◆ **DESCRIPTION OF THE TASK**
Return every entry below exactly as written, minus the pictures.

◆ **DATA TO USE**
......

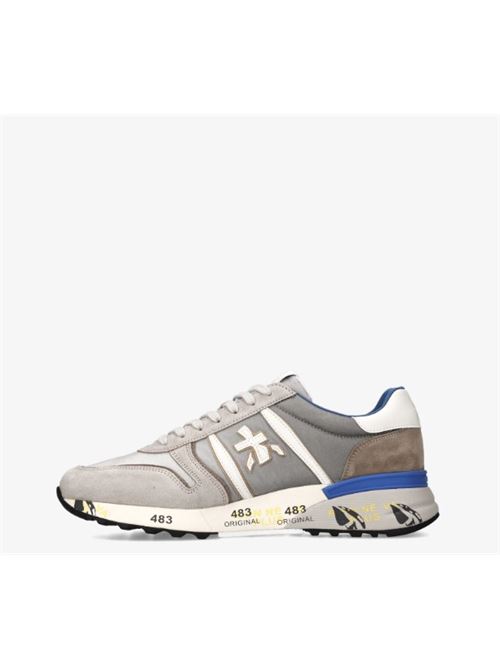 Sneakers con logo PREMIATA | LANDER.8010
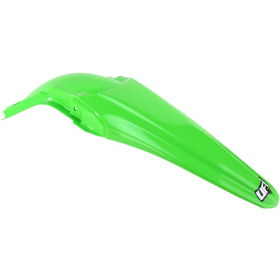 UFO Galinis Sparnas Kawasaki KX 250-450F 12-16 Žalia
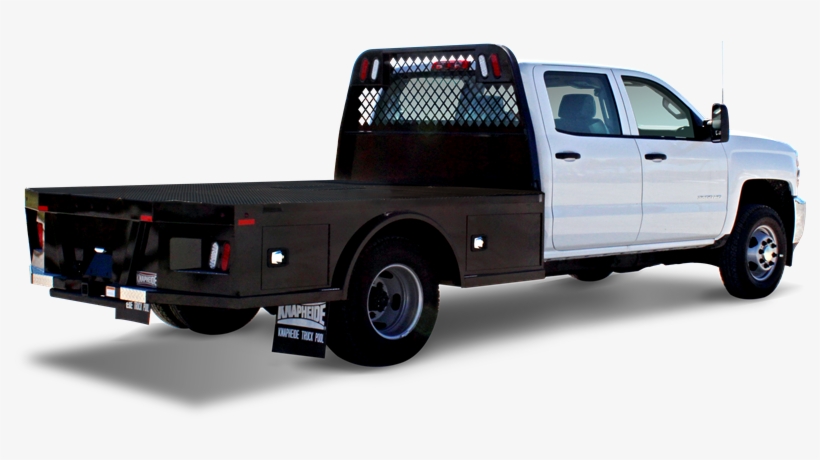 Pgnc Gooseneck Bodies - Knapheide Beds, transparent png #5887657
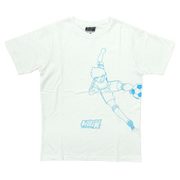 ヨドバシ Com ファインプラス キャプテン翼 ツインシュート 翼tシャツ White Mサイズ キャラクターグッズ 通販 全品無料配達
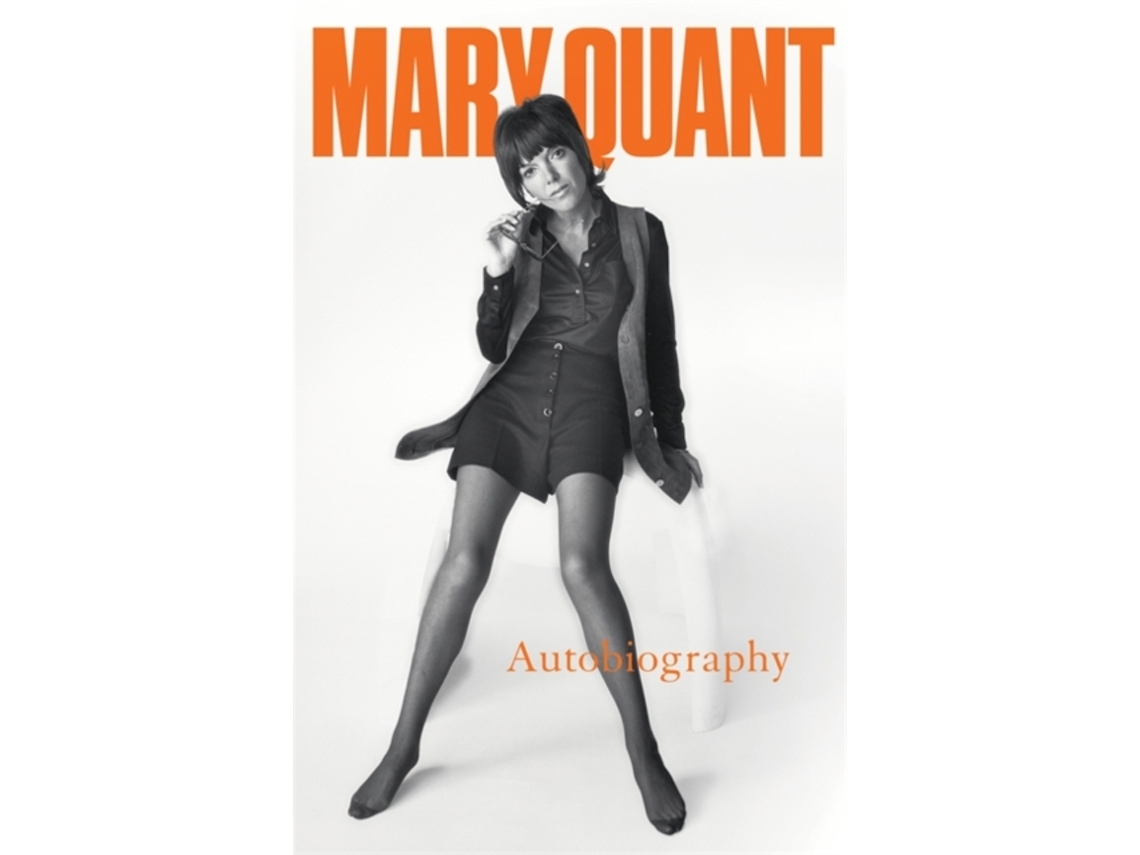 Livro Mary Quant de Mary Quant (Inglês)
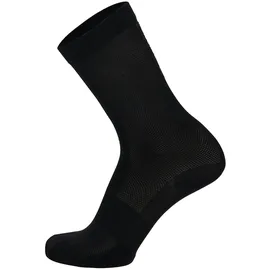 Santini SMS Puro Radsocken 2 Paare Schwarz XL/XXL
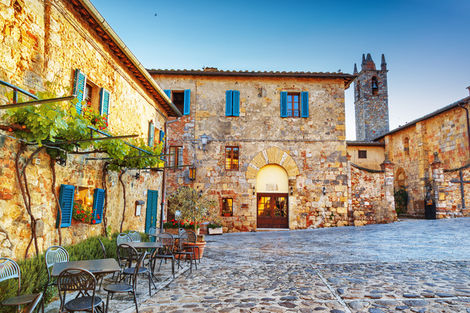 Monteriggioni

......

◆ **ANSWER BOX**
 Sneakers con logo PREMIATA | LANDER.8010
 UFO Galinis Sparnas Kawasaki KX 250-450F 12-16 Žalia
 Pgnc Gooseneck Bodies - Knapheide Beds, transparent png #5887657
 ヨドバシ Com ファインプラス キャプテン翼 ツインシュート 翼tシャツ White Mサイズ キャラクターグッズ 通販 全品無料配達
 Livro Mary Quant de Mary Quant (Inglês)
 Santini SMS Puro Radsocken 2 Paare Schwarz XL/XXL
 Monteriggioni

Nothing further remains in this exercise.